In fact, a strong case could be made that today’s manufacturing revolution is even more sweeping than the changes that gave birth to the now-traditional assembly line. The mass production factories of the 1920s were merely the culmination of manufacturing trends that had been developing for generations. In contrast, the “mass customization” factories of the 2020s and beyond will combine multiple new technologies to completely reshape how we think about making stuff.

Meanwhile, at Manufacturing Business Technology, Mark Dohnalek takes a deep dive into five ways that new technologies — and new ways of thinking — are set to transform the factory starting this year and into the next decade.

3-D Printing and the Art of the Prototype

At first glance, so-called 3-D printing technology seems to aim not at transforming factories but at making them disappear entirely, by allowing people to print up any manufactured product at home. But real life is not quite that simple. An optimized facility, staffed by production experts — in other words, a factory — will always have advantages over do-it-yourself home printing.

Inside the factory, 3-D printing may revolutionize many processes, but its first big impact is on prototyping, making samples of a new product. This is always necessary, because (for example) you can never be quite sure how an object will fit in your hand until you hold it. With 3-D printing, production teams can make a prototype, evaluate it and make an improved model in less time than it formerly took to make a single prototype.

Augmented Reality (AR) and Virtual Reality (VR)

Like 3-D printing, these technologies play their biggest part in the product development stage. They allow development and production team members, in effect, to walk around and through blueprints, ensuring, for example, that components that are supposed to be accessible for maintenance really are accessible.
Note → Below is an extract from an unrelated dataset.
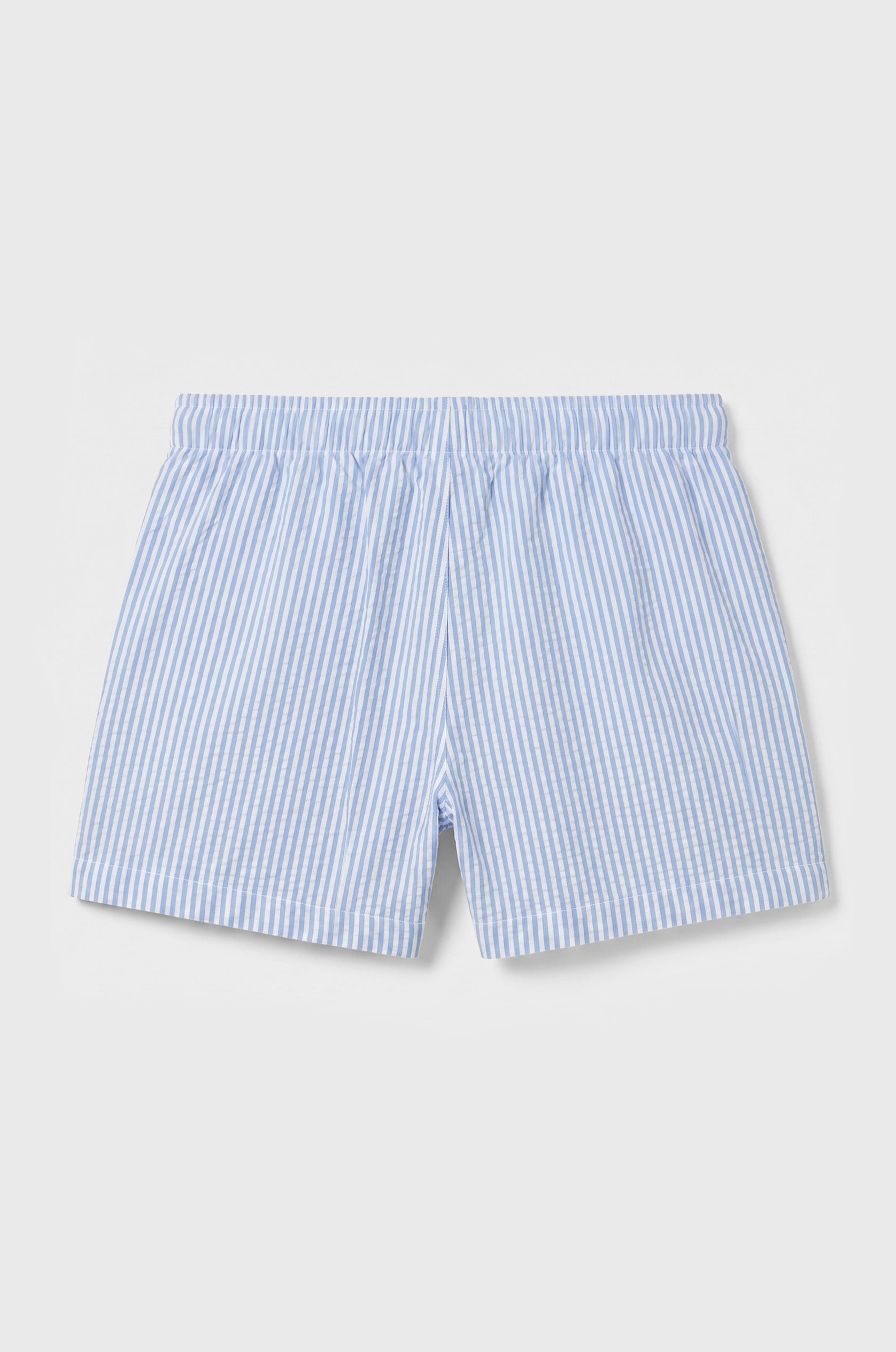 FLUTTER SHORT IN BLUE SEERSUCKER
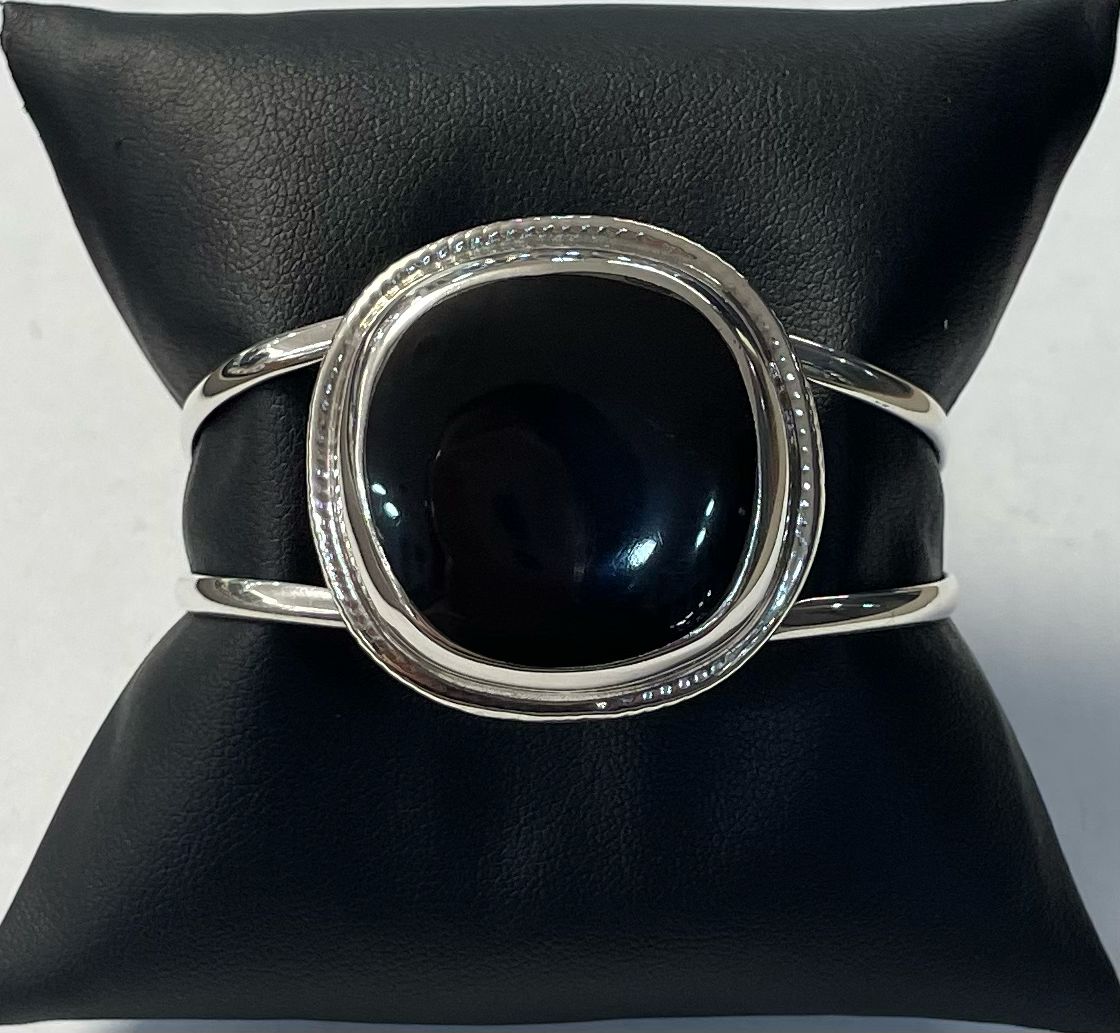 BRAZALETE CON OBSIDIANA  EN PLATA LEY 925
Even more important in the long run than helping the design and production team to prototype and visualize a product is helping to ensure that it meets the needs of the eventual users. These end users may well be military service members in the field, whose lives depend on the product working correctly, first time and every time.

Accelerated Product Life Cycles

This sounds a bit like jargon, and it is, but it makes a fundamental point. Advanced technologies are fast moving, and those service members in the field can’t wait for next year’s improved model. If improvements are available, they are needed as soon as possible — tomorrow, if not today.

This is related to the largest way that tomorrow’s factories differ from yesterday’s. Instead of producing thousands or millions of identical products, “mass customization” requires the modern factory to turn out endless variations on products, tailored to specific users and specific needs.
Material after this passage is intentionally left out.